- DATASET CONTENT

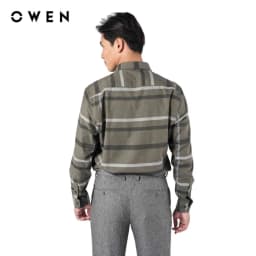 Thumbnail OWEN - Áo sơ mi dài tay Regular Fit AR220913DT màu Xanh rêu chất liệu Bamboo 3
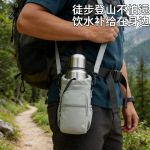 跨境户外防水斜挎水杯袋便携骑行抽绳水壶包多功能登山水杯套批发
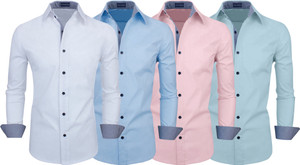 fifth u men regular fit solid spread collar casual shirt pack of 4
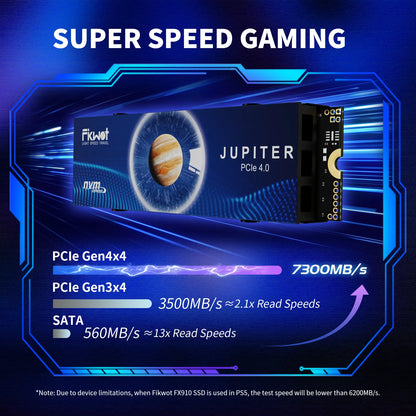 FIKWOT Internal Gaming SSD - M.2 2280 PCIe Gen 4x4 NVMe 3D NAND with High-Conductivity Graphite Heatsink, Available in 500GB, 1TB, 2TB, and 4TB, Up to 7300MB/s Read Speed, PS5-Compatible for Laptops and Desktops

- WHAT YOU WILL DO
Reproduce exactly, and only, the lines that begin at the one containing "fifth u men" and end with the final line of the data, both included, while omitting every picture.

- SOLUTION
 fifth u men regular fit solid spread collar casual shirt pack of 4
 FIKWOT Internal Gaming SSD - M.2 2280 PCIe Gen 4x4 NVMe 3D NAND with High-Conductivity Graphite Heatsink, Available in 500GB, 1TB, 2TB, and 4TB, Up to 7300MB/s Read Speed, PS5-Compatible for Laptops and Desktops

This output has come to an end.